Этот случай, не лишенный пикантности, представился Менжинскому в 1909 году, когда заграницу прабрался некий маленький человечек, скрывавшийся под псевдонимом Саша Лбовец. Саша был членом экспроприаторской организации, оперировавшей на Урале под атаманством некоего рабочего Лбова, бывшего унтер-офицера, ушедшего в революцию.

В те бурные дни Лбов с товарищами ограбили на Каме не один пароход, а на суше остановили не одну почтовую тройку. Организация располагала крупными деньгами. Но вот из этих-то денег через Сашу Лбовца и выдал уральский экспроприатор Лбов главе большевицкого центра товарищу Ленину неплохую сумму в 6000 рублей — на покупку оружия.

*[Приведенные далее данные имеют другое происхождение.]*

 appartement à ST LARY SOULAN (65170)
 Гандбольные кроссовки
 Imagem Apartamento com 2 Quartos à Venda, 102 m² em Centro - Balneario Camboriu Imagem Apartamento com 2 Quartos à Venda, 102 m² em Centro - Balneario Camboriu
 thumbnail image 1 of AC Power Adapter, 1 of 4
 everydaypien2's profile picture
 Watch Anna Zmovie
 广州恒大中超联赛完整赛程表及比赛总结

Деньги Ленин взял, но оружия не купил и куда истратил неизвестно. Порбравшийся за границу Саша пожаловался об этом врагу Ленина Менжинскому. А Менжинский, дабы ударить по «революционной вертихвостке», составил Саше «открытое письмо» с обвинением Ленина в присвоении денег и напечатал это письмо отдельным листком.

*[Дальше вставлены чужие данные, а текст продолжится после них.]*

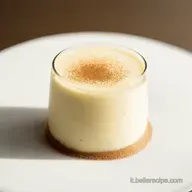 Panna Cotta Una Coccola Golosa Facile e Irresistibile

«ОТКРЫТОЕ ПИСЬМО БОЛЬШЕВИЦКОМУ ЦЕНТРУ
(расширенной редакции «Пролетарий»)

Товарищи! опять вы за старое, опять начинаете увиливать и тянуть; опять не хотите даже вопроса рассматривать, был ли Большевицкий Центр должен Лбовской дружине или нет, а неизвестно, за что и почему предлагаете нам целых 500 рублей. Почему не меньше? Почему не больше? Что это за цифра такая?

Оставьте! Вы достаточно вертели хвостом с июля 1907 года, когда взяли у меня, уполномоченного Партизанского Пермского Революционного отряда (так называемой лбовской дружины) 6000 рублей на покупку оружия.